**Exercise details**
For this listing, the lines between the one holding "Toy Story Piggy" and the one holding "Protection Galaxy S23+", inclusive, must be set down exactly.

=== Excerpted records ===

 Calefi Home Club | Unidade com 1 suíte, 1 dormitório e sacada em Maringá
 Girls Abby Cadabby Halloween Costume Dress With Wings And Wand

===
=== Excerpted records ===

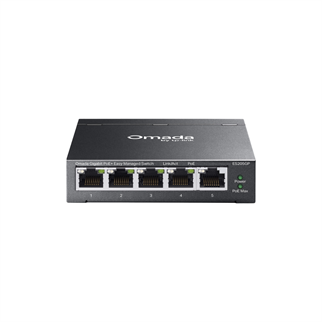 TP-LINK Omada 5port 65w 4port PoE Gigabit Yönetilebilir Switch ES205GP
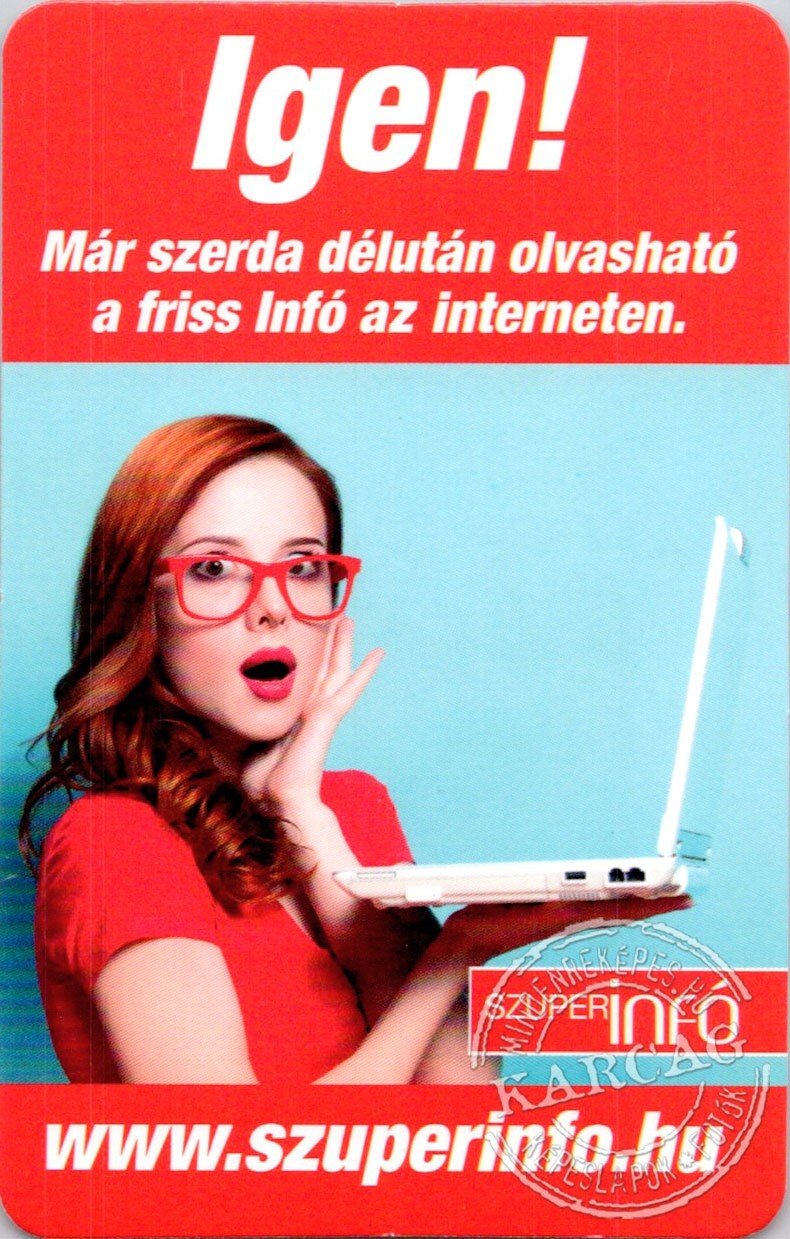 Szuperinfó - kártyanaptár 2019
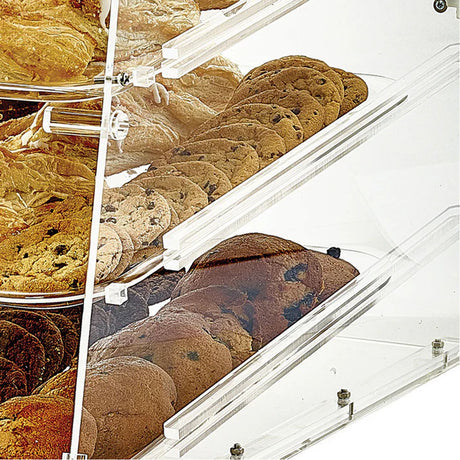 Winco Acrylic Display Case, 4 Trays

===
=== Excerpted records ===

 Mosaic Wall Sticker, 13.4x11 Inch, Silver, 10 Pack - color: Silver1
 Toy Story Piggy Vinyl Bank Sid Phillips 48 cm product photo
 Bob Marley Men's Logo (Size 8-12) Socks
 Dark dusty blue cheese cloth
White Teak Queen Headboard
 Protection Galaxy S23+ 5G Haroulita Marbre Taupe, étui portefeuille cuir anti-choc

===

**Answer box**
 Toy Story Piggy Vinyl Bank Sid Phillips 48 cm product photo
 Bob Marley Men's Logo (Size 8-12) Socks
 Dark dusty blue cheese cloth
White Teak Queen Headboard
 Protection Galaxy S23+ 5G Haroulita Marbre Taupe, étui portefeuille cuir anti-choc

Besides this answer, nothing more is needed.